October 18
Russell Miller,
CUNY
Model Completeness and Relative Decidability
Model-completeness is a standard notion in model theory, and it is well known that a theory $T$ is model complete if and only if $T$ has quantifier elimination down to existential formulas. From the quantifier elimination, one quickly sees that every computable model of a computably enumerable, model-complete theory $T$ must be decidable. We call a structure relatively decidable if this holds more broadly: if for all its copies $\mathcal{A}$ with domain $\omega$, the elementary diagram of $\mathcal{A}$ is Turing-reducible to the atomic diagram of $\mathcal{A}$. In some cases, this reduction can be done uniformly by a single Turing functional for all copies of $\mathcal{A}$, or even for all models of a theory $T$.
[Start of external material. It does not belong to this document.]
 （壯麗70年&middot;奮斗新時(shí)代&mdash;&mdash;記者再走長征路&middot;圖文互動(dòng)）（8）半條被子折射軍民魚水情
We discuss connections between these notions. For a c.e. theory, model completeness is equivalent to uniform relative decidability of all countable models of the theory, but this fails if the condition of uniformity is excluded. On the other hand, for relatively decidable structures where the reduction is not uniform, it can be made uniform by expanding the language by finitely many constants to name certain specific elements. This is shown by a priority construction related to forcing. We had conjectured that a similar result might hold for theories $T$ such that every model of $T$ is relatively decidable, but in separate work, Matthew Harrison-Trainor has now shown relative decidability to be a $\Pi^1_1$-complete property of a theory, which is far more complicated than our conjectured equivalent property.
This is joint work with Jennifer Chubb and Reed Solomon.